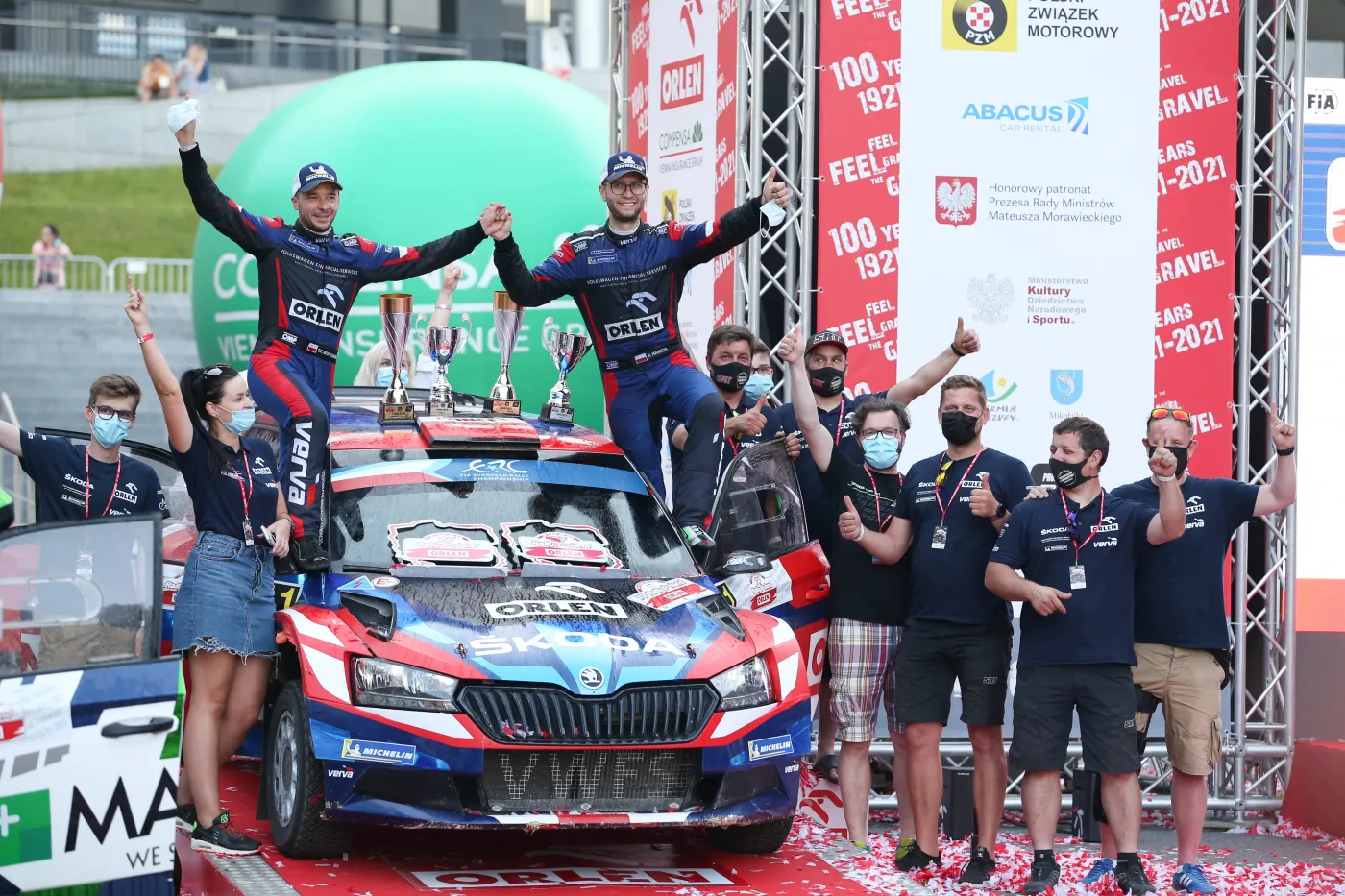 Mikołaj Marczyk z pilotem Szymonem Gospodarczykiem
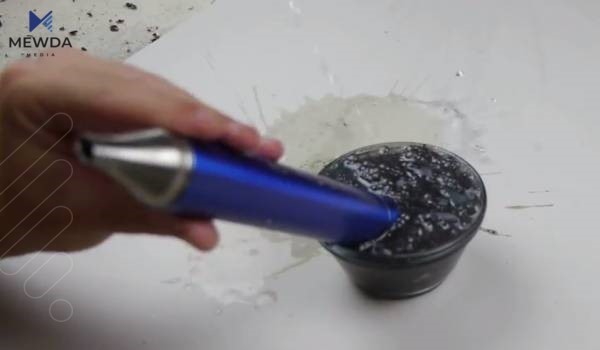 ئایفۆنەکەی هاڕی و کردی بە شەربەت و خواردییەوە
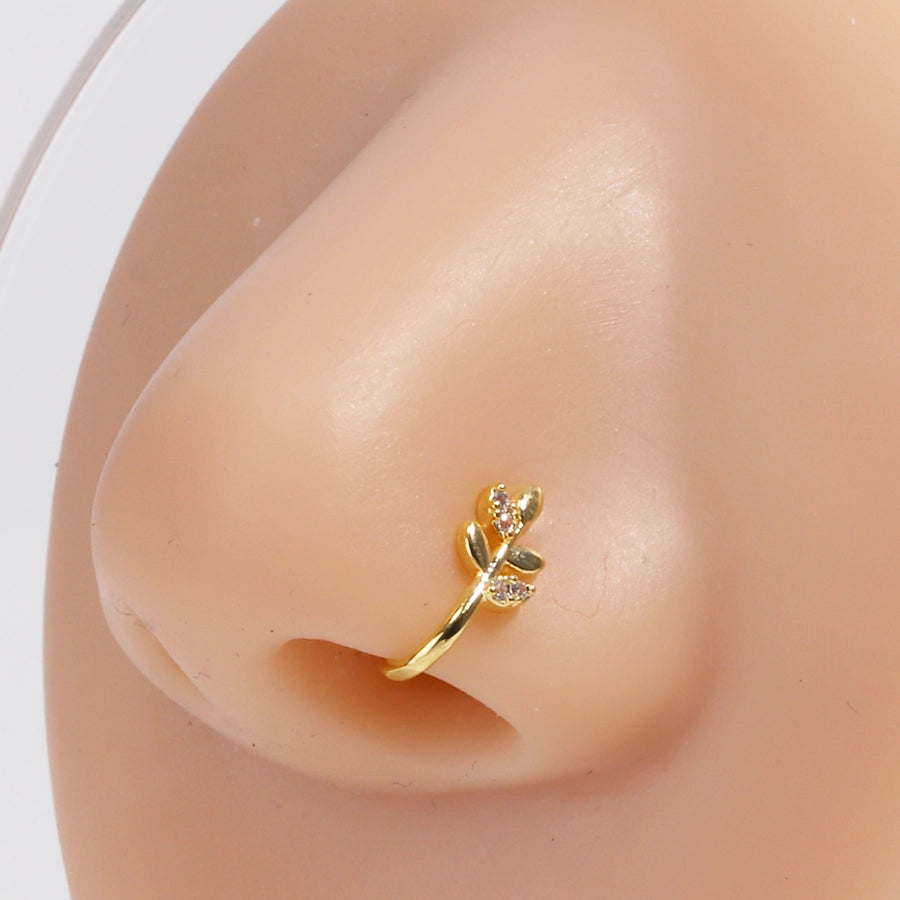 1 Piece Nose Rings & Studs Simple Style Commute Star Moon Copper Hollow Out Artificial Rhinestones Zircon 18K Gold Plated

▶ **Task requirements**
Only the pictures in the listing above get left out; print everything else exactly.

▶ **Your solution**
 Mikołaj Marczyk z pilotem Szymonem Gospodarczykiem
 ئایفۆنەکەی هاڕی و کردی بە شەربەت و خواردییەوە
 1 Piece Nose Rings & Studs Simple Style Commute Star Moon Copper Hollow Out Artificial Rhinestones Zircon 18K Gold Plated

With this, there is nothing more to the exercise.